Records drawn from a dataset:
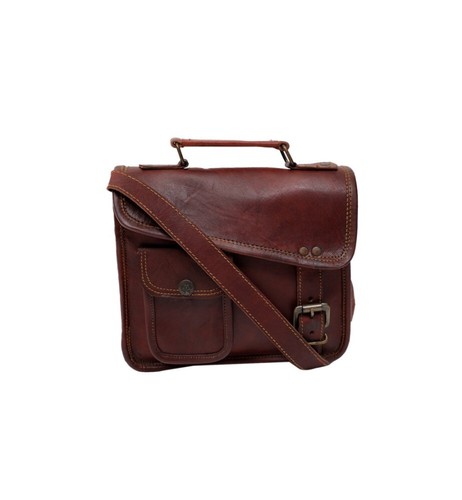 Sac besace messager vintage - vintage, en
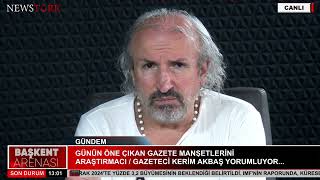 Usta Gazeteci̇ Keri̇m Akbaş Mustafa Sarigülün Skandal Kaset Olayini Farkli Açilardan Yorumladi.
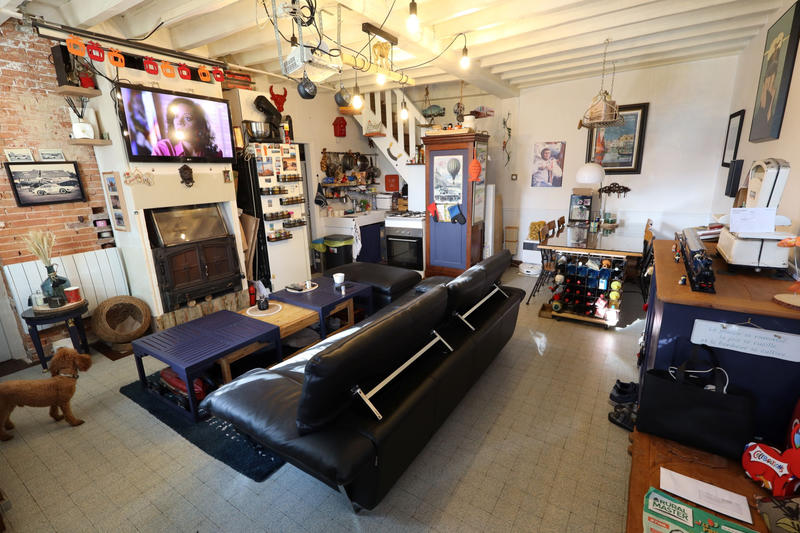 Maison - 93 m² - 6 pièces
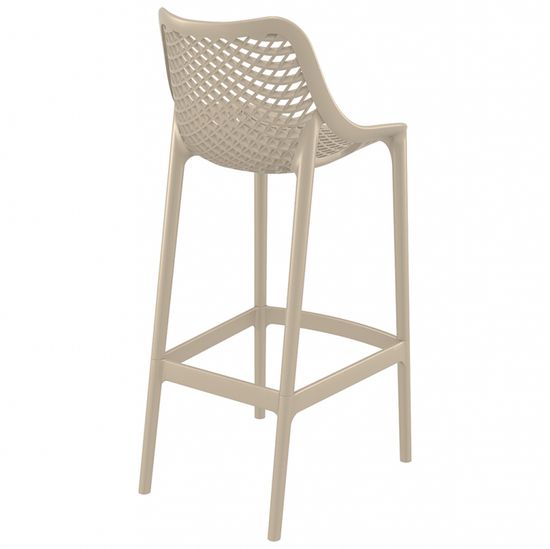 Стул пластиковый барный Air Bar 75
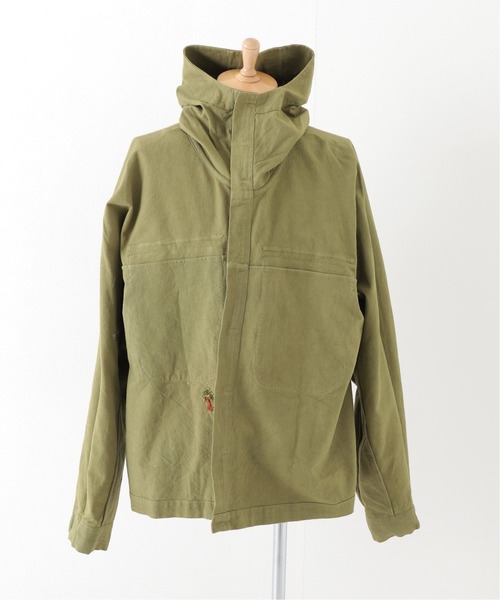 Story mfg.(ストーリーエムエフジー)の「【STORY mfg. / ストーリーエムエフジー.】FORAGER JACKET(ブルゾン・メンズ・カーキ・MEDIUM/LARGE)」の16枚目の写真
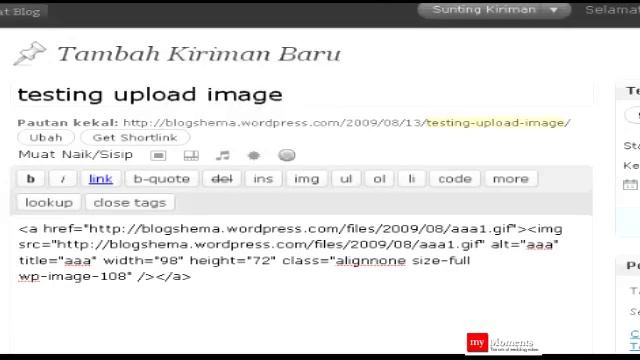 Cara upload image to wordpress смотреть онлайн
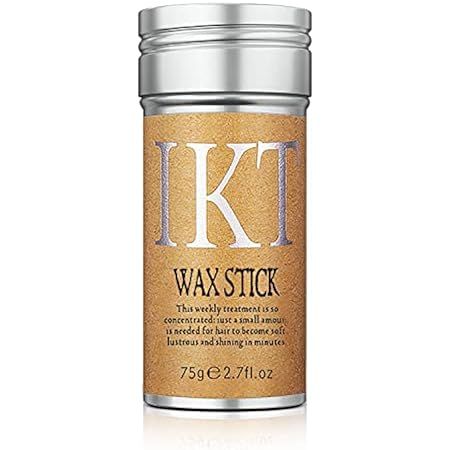 Hair Wax Stick, Wax Stick for Hair Wigs Edge Control Slick Stick Hair Pomade Stick Non-greasy Stylin | Amazon (US)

Your assignment: Retype, word for word, the line containing "Cara upload image" and each line after it through the end of the data, leaving any picture out.

Task result:
 Cara upload image to wordpress смотреть онлайн
 Hair Wax Stick, Wax Stick for Hair Wigs Edge Control Slick Stick Hair Pomade Stick Non-greasy Stylin | Amazon (US)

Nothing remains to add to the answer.